• GIVEN RECORDS:
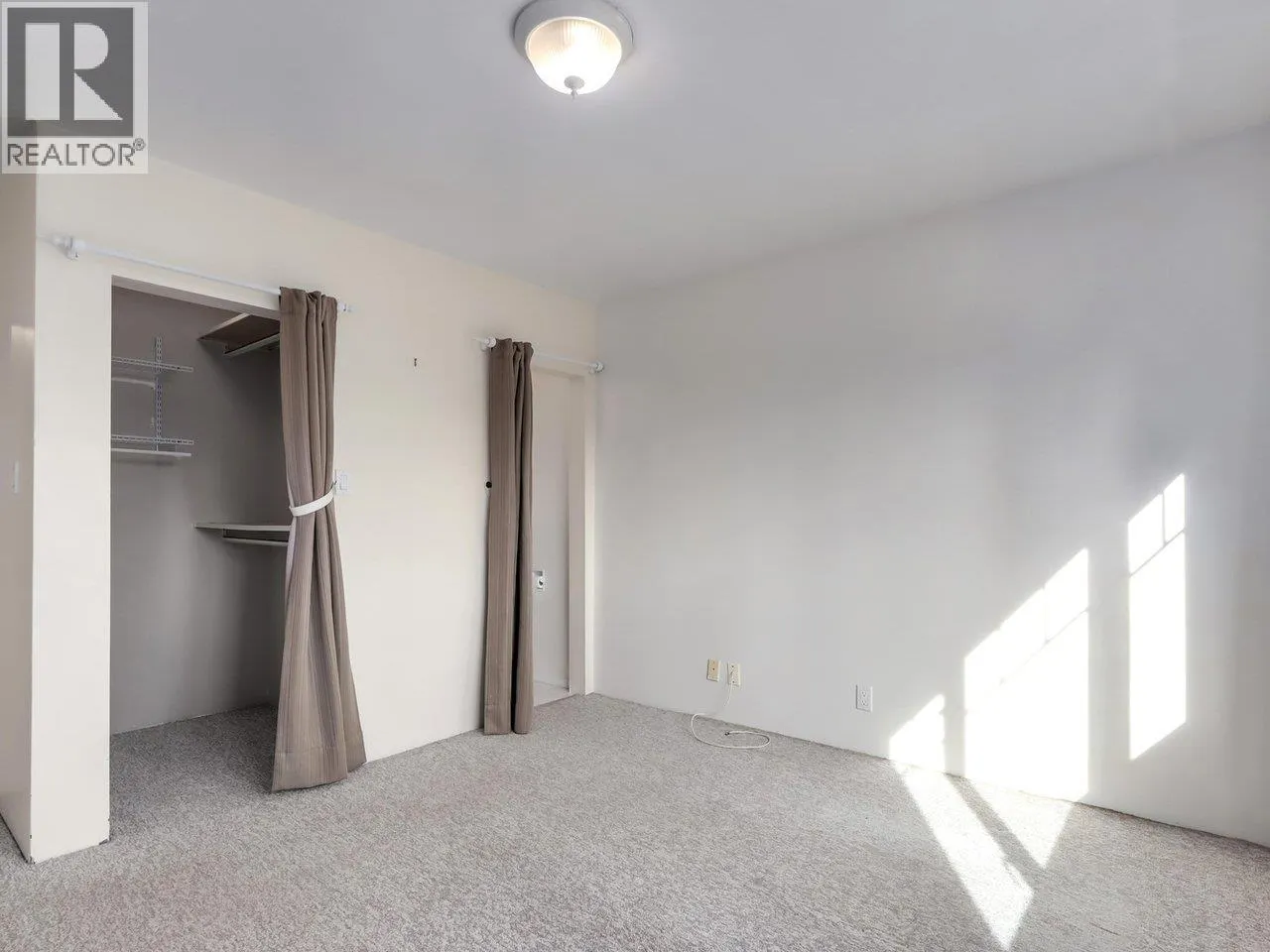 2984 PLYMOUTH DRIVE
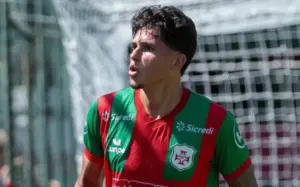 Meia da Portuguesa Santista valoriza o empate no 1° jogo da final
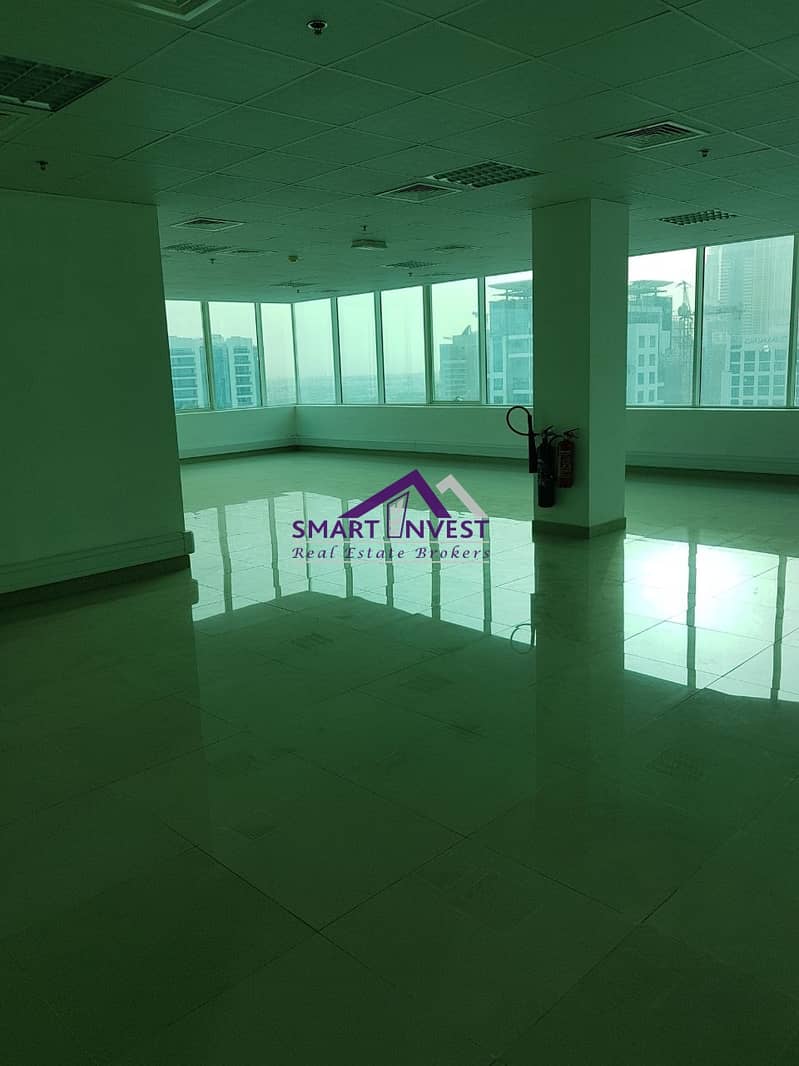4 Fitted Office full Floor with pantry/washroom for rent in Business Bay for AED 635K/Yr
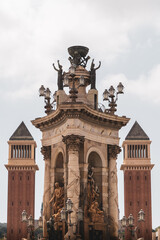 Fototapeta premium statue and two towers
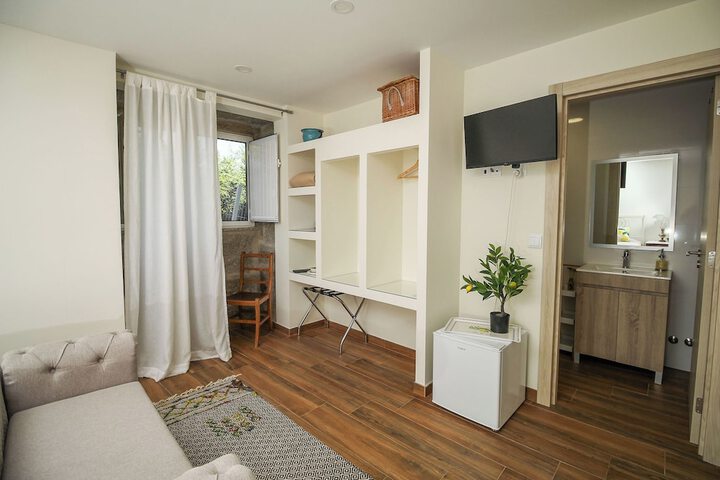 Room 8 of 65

---

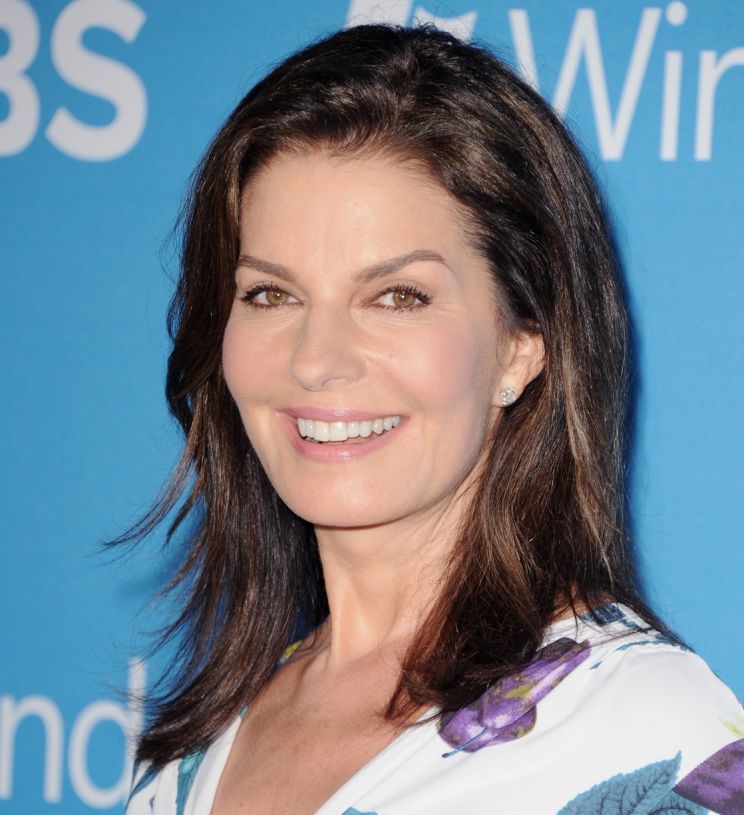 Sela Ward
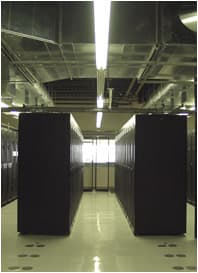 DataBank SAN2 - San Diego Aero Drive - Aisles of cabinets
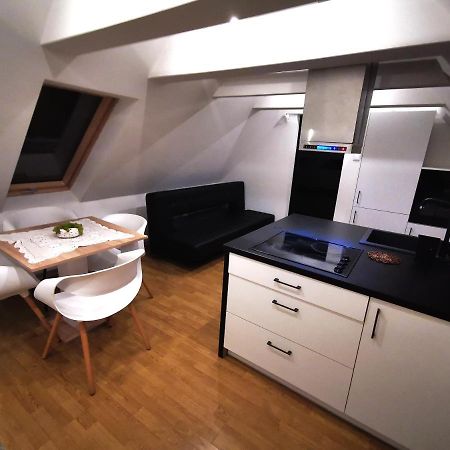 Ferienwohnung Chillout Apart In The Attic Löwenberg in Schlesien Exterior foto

• PROBLEM DETAILS:
Extract, without any images, the part of the material above that opens with the line containing "Meia da Portuguesa" and closes with the line containing "Room 8 of 65", both lines included.

• TASK ANSWER:
 Meia da Portuguesa Santista valoriza o empate no 1° jogo da final
4 Fitted Office full Floor with pantry/washroom for rent in Business Bay for AED 635K/Yr
 Fototapeta premium statue and two towers
 Room 8 of 65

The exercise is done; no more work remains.